O underground é uma manifestação cultural que se formulou estimulada por demandas de adolescentes, essencialmente como oferta a essa demanda. A adolescência não existia antes do final do século XIX e esse status de adolescente foi criado nos tempos da estratégia higienista como um momento crítico da vida do ser humano. Sem tomar em conta o contexto histórico do surgimento dessa designação, o saber ocidental marcou a adolescência como um estágio “natural” do desenvolvimento humano, numa atitude eminentemente marcada pela mentalidade positivista. Foram os sujeitos criados por esse discurso que vieram a, aproximadamente cinqüenta anos após sua invenção, fomentar o surgimento do underground, também genericamente conhecido como contracultura.

Inúmeros autores que se dedicam a escrever sobre o underground, como Theodore Roszak – numa publicação densa na qual vê com muita esperança a oposição juvenil à sociedade tecnocrática – ou como Toninho Buda – um histórico adepto da Sociedade Alternativa que publica textos sobre o tema em revistas e na internet – definem o surgimento do underground como uma “revolução”, uma mudança extraordinária operada na cultura ocidental. Segundo esses autores, os jovens teriam posto a sociedade em crise quando questionaram os valores que conduziam grupos sociais e indivíduos.

Esse questionamento viria, fundamentalmente, do interesse por tudo aquilo que permaneceu à margem e no escuro durante os séculos de constituição da sociedade moderna. Misticismo, naturismo, sexualidade, agressividade, inebriamento, loucura, tudo isso que os modernos desprezavam, e mesmo odiavam, foi posto à tona pelos adolescentes que, desse modo, intentavam formular uma crítica radical e operar um rompimento com a modernidade. Inevitavelmente, ao menos num certo nível, esse movimento levou efetivamente a uma situação crítica que desorientou boa parte das pessoas. Em outro nível, como já sugerimos anteriormente, esse movimento desestabilizou para, sequencialmente, re-estabilizar identidades, valores e condutas, com um novo sentido, bastante propício para o definitivo estabelecimento da sociedade na qual desaparecem os cidadãos para nascer os consumidores.

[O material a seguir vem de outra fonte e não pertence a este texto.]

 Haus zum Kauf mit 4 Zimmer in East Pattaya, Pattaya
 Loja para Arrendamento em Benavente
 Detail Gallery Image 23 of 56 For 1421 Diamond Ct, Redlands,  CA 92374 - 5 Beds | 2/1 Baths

Parece-nos, sem muita dúvida, que o underground serviu mais aos interesses do mainstream do que se imagina. Se a tendência era a de reformular valores rígidos que impediam o estabelecimento do consumo como ícone de aglutinação sócio-subjetiva, e isso já tinha começado na passagem do século XIX para o XX com a eclosão da cultura jazzística nos EUA, a crise juvenil caiu como luva. Como bem aponta Maria Rita de Assis César, a adolescência passou do status de um momento crítico, de uma “adolescência em perigo”, para o status de uma ameaça à ordem, para uma “adolescência perigosa”. Com um discurso feito especialmente para eles, que os punha no olho de um furacão subjetivo, os adolescentes pareceram entender que poderiam vestir a fantasia que lhes tinha sido imposta. E a vestiram.

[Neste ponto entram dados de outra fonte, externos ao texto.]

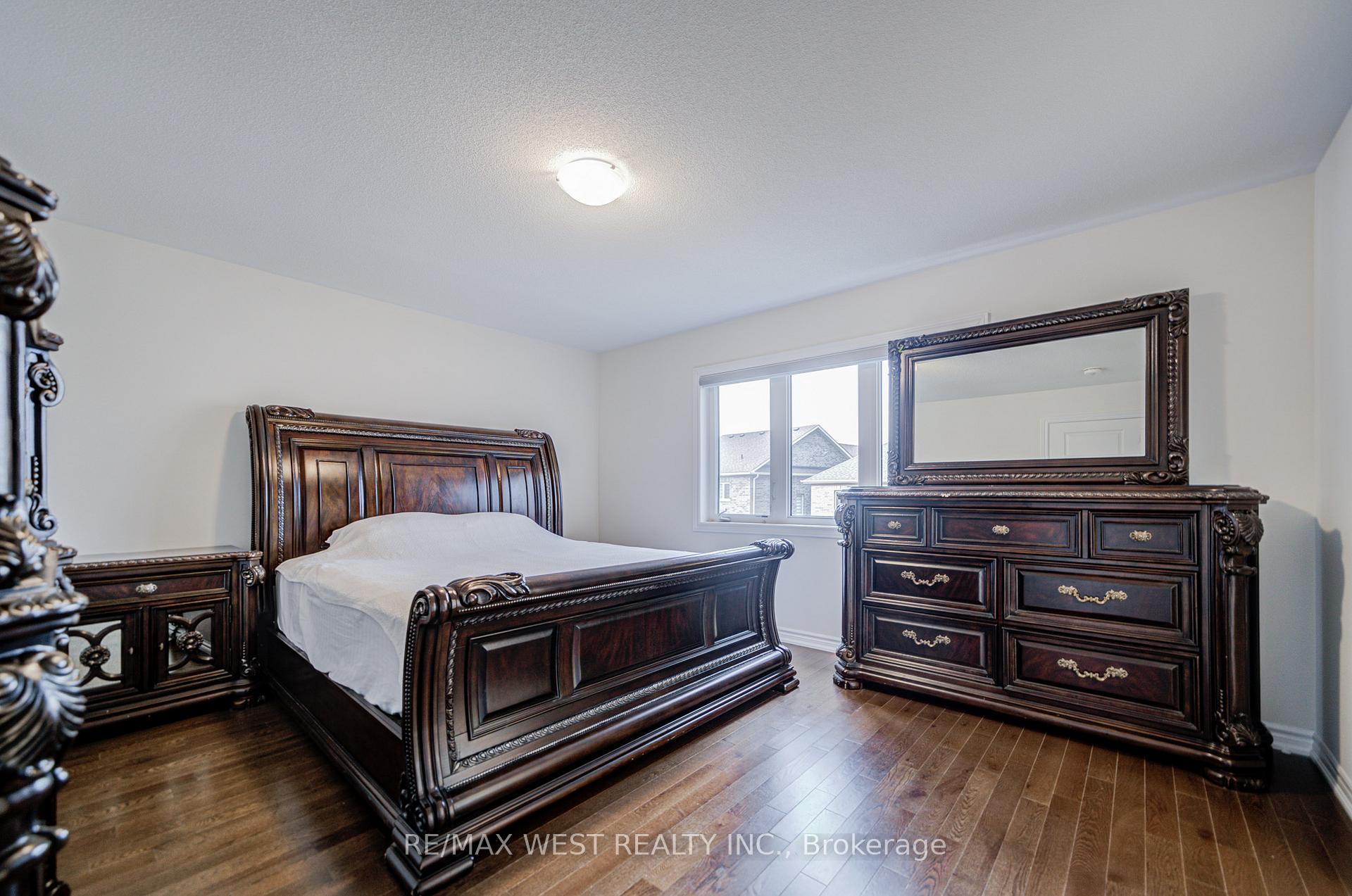 Photo 23 of 2171 Grainger Loop, Innisfil, Alcona — HOMEH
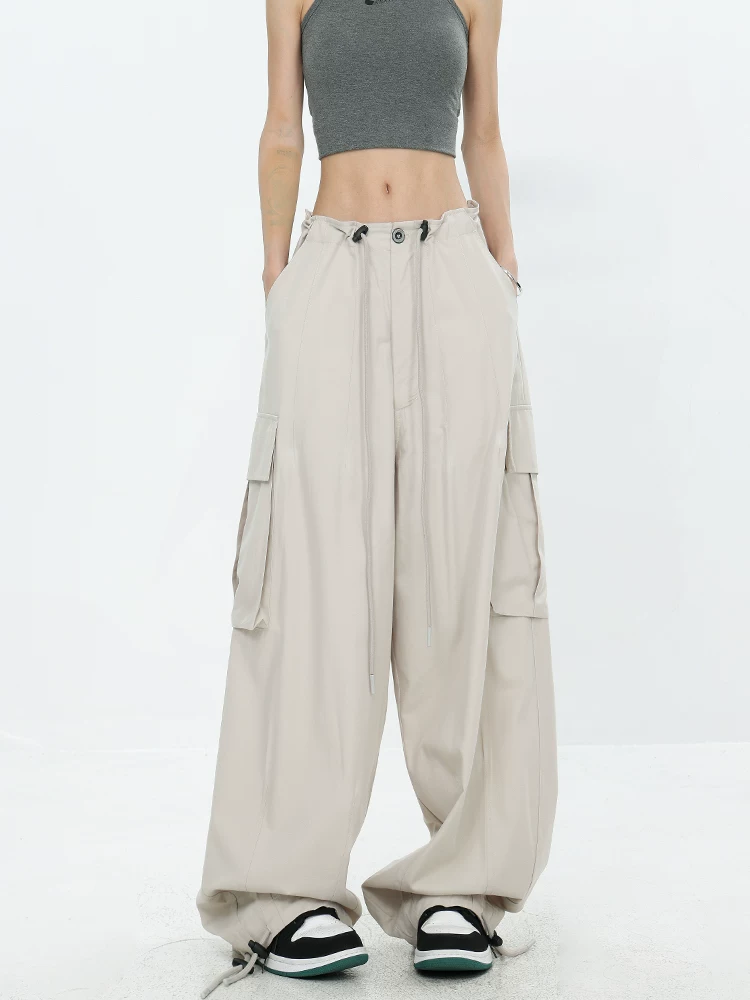 Quần cargo mùa hè mới của KEN STUDIO dành cho nữ, chất liệu mỏng, màu trơn, thiết kế rộng rãi với túi lớn và kiểu dáng quần jogger năng động.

Foram, no afã da desobediência, bem comportados durante todo o tempo. Acabaram servindo ao “mestre” capitalístico, que precisava de novos horizontes para a produção de capital. Acabaram por servir aos interesses de relativização dos valores fundamental para a explosão da lógica do consumo, com todos os seus nichos. O underground acabou sendo mais um desses nichos em uma sociedade que se especializou em formular alternativas, todas elas bem capturadas e formatadas para inúmeras e criativas proposições identitárias baseadas no consumo. A mesma sociedade que destruiu a alteridade e, hoje, vive a falar em diversidade.

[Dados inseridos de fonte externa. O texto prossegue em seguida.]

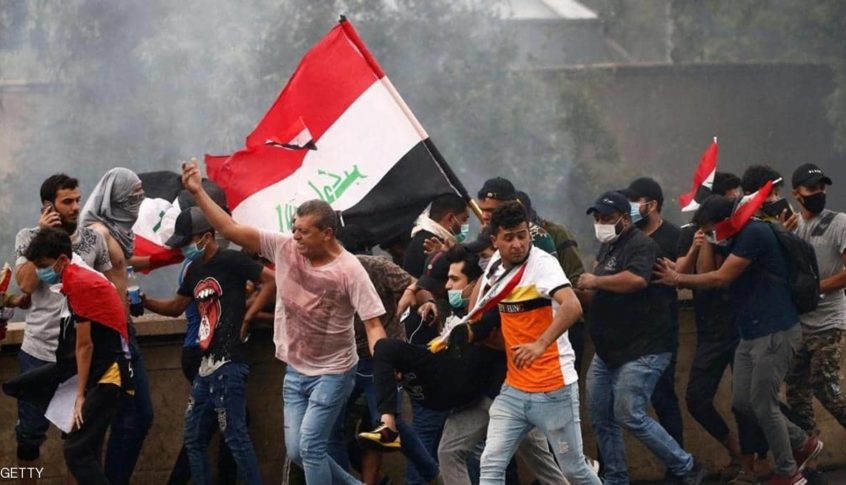 محتجون عراقيون يضرمون النار في منزل  المتهم بقتل متظاهري ذي قار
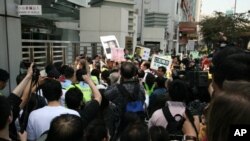 香港團體和人士抗議北京拘押艾未未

Isso, neste início de século, nos parece nítido. No entanto, surpreende ler textos contemporâneos que ainda insistem na “força” do underground como oposição ao que chamam de “caretice”, tradicionalismo ou conservadorismo, que, segundo esses textos, seriam hegemônicos e exerceriam uma força repressiva sobre os adeptos do underground. Ora, como bem mostra Terry Eagleton, o que ocorre é o contrário. É o underground que se estabelece como hegemônico e é usado como boneco de ventríloquo das elites. As mesmas que inventaram o “pense global, aja local”, mas sempre agiram globalmente pensando localmente. As mesmas que prestigiam a rebeldia, porque sabem que rebelde é o sujeito que, em essência, sonha apenas ser igual àquele contra quem combate. Como dizia Baudrillard: “É preciso acreditar perdidamente na lei para a transgredir”.